At least our needlework managed true bipartisanship.)
Crochet remained very popular in the late 60s and into the early 70s. Crocheted bikinis, vests, scarves, slippers--I made them all. Crochet in 1970 was all about big hooks and triple strands of Red Heart or Aunt Lydia's Rug Yarn. Crewel was very popular around 1972. I worshipped at the altar of Erica Wilson and Elsa Williams, the queens of traditional (and non-traditional) embroidery.
(You're looking at my four-way bargello attempt c. 1982
which was really going quite well until I lost interest.
Why did I lose interest? I haven't a clue.)
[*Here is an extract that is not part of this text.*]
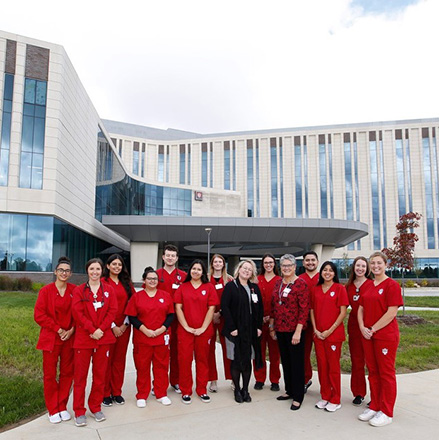 Students in red scrubs standing in front of Regional Academic Health Center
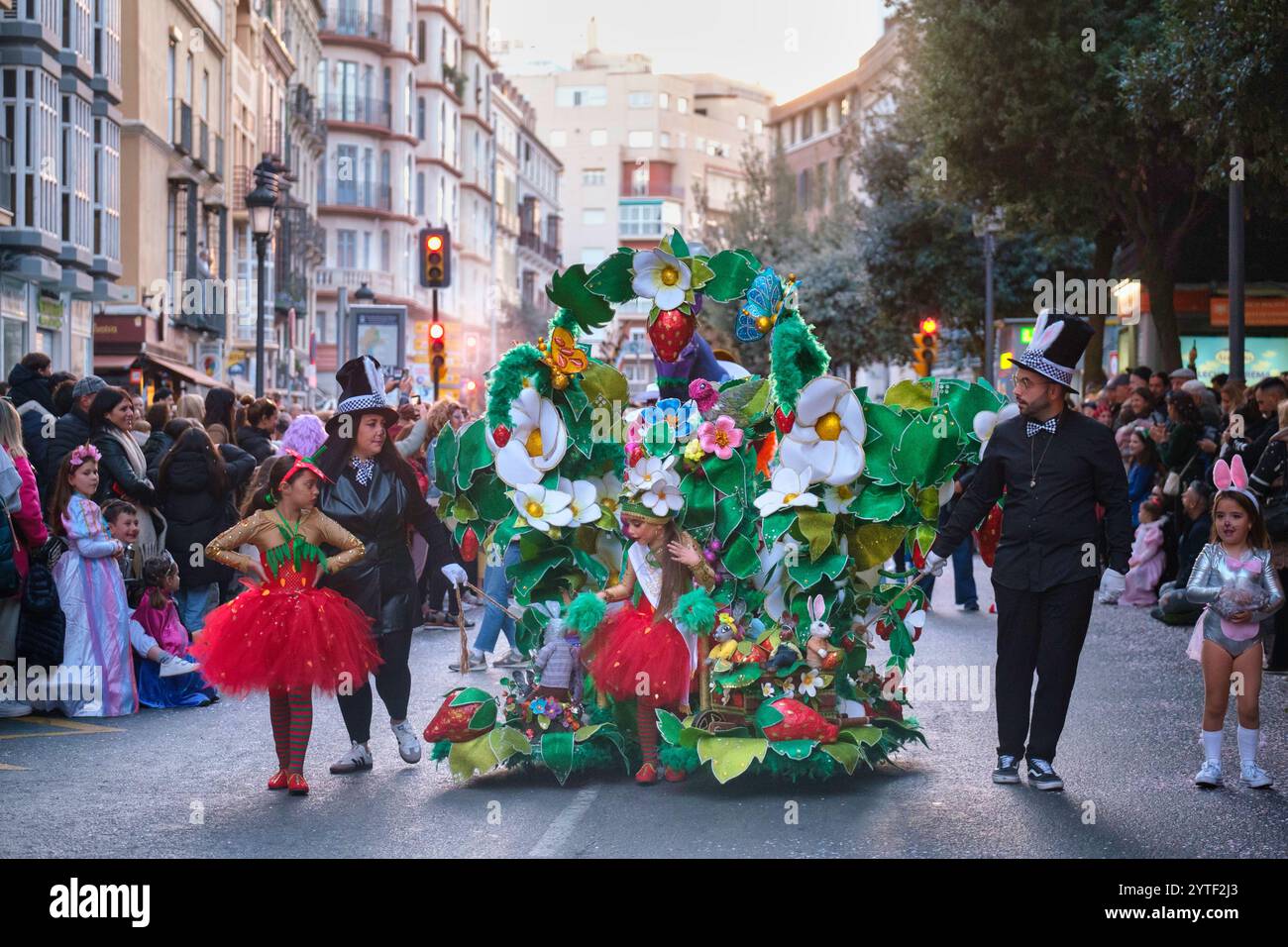 L'immagine raffigura una scena di strada festosa, probabilmente durante una sfilata o una celebrazione. Una persona è vestita con un costume grande ed elaborato che assomiglia a Foto Stock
which was really going quite well until I lost interest.
Why did I lose interest? I haven't a clue.)
The mid-to-late 70s, as I remember, were needlepoint. "Rich girl stuff" one of my Long Island friends said at the time because who could afford hand-painted canvases and pricey Paternayan Persian wool? A needlepoint shop moved into my working class neighborhood a month after we bought our first house in North Babylon and my truly exciting birthday present was Beginner Lessons. I'm telling you it was so thrilling that selling my first book had to struggle to match the joy I felt.
(Groucho, circa 1983. Total improvisation with velour
yarns, silks, some metallics. I've since added a little
sparkly red to the end of the cigar ash.)
sparkly red to the end of the cigar ash.)
And then suddenly needlework seemed to vanish from the radar. Oh, I know men and women were still stitching and knitting out there but you didn't hear all that much about it. I switched over to sewing for a few years, a craft where my talent fell far short of my enthusiasm. (Would you believe I actually made my father a blue velvet caftan? What in the name of all that's decent was I thinking?)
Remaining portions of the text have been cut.